# Possible Sixers Trade



## sIxErSmAn20 (Jul 23, 2002)

Here is a possible sixers/Pistons trade

Sixers Trade: Derrick Coleman and Aaron Mckie

Pistons Trade: Ben Wallace and Clifford Robinson

The sixers get a solid small forward and Brn wallace could be a defensive power forward. LB would like two big guys when Mutombo retires (or dies, lol) Wallace can take over for Mutombo.

Detroit gets a good power forward and get swingman Aaron Mckie.

This trade was accepted on www.realgm.com Trade Checker


----------



## Juan (Jun 13, 2002)

I think Detroit would be getting screwed. No way I would do that trade.


----------



## LOL (Jul 12, 2002)

That proposal is so retarded its not even worth the post.
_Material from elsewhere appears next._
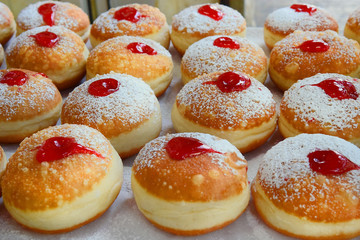 traditional hanukkah sufganiyot with strawberry jelly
These are the kinda post that made nbadraft.net bad.


----------



## Bighead734 (Jul 15, 2002)

Now why would Detroit do that?

They give up the NBA's defensive player of the year and a 14/5 guy for a problem child and a great reserve, but decent starter?

Think before you post.


----------



## sIxErSmAn20 (Jul 23, 2002)

lemme tell u somethin
ben wallace is just a fatshot blocker and rebounder, cliffordis a loser who shoots too many 3pters and misses then anyway.


----------



## Juan (Jun 13, 2002)

> ben wallace is just a fatshot blocker and rebounder, cliffordis a loser who shoots too many 3pters and misses then anyway.


Then why do you want to trade for them?


----------



## Bighead734 (Jul 15, 2002)

> ben wallace is just a fatshot blocker and rebounder, cliffordis a loser who shoots too many 3pters and misses then anyway.


:laugh: :laugh: :laugh: 



OK yet, Wallace is still awesome, and Detroit still won with both of them.

:laugh:


----------



## SS_Solid_Snake (Jul 15, 2002)

Here is another bad trade idea, lets trade Glenn Robinson for Toni Kukoc. Oh, wait, that DID happen!


----------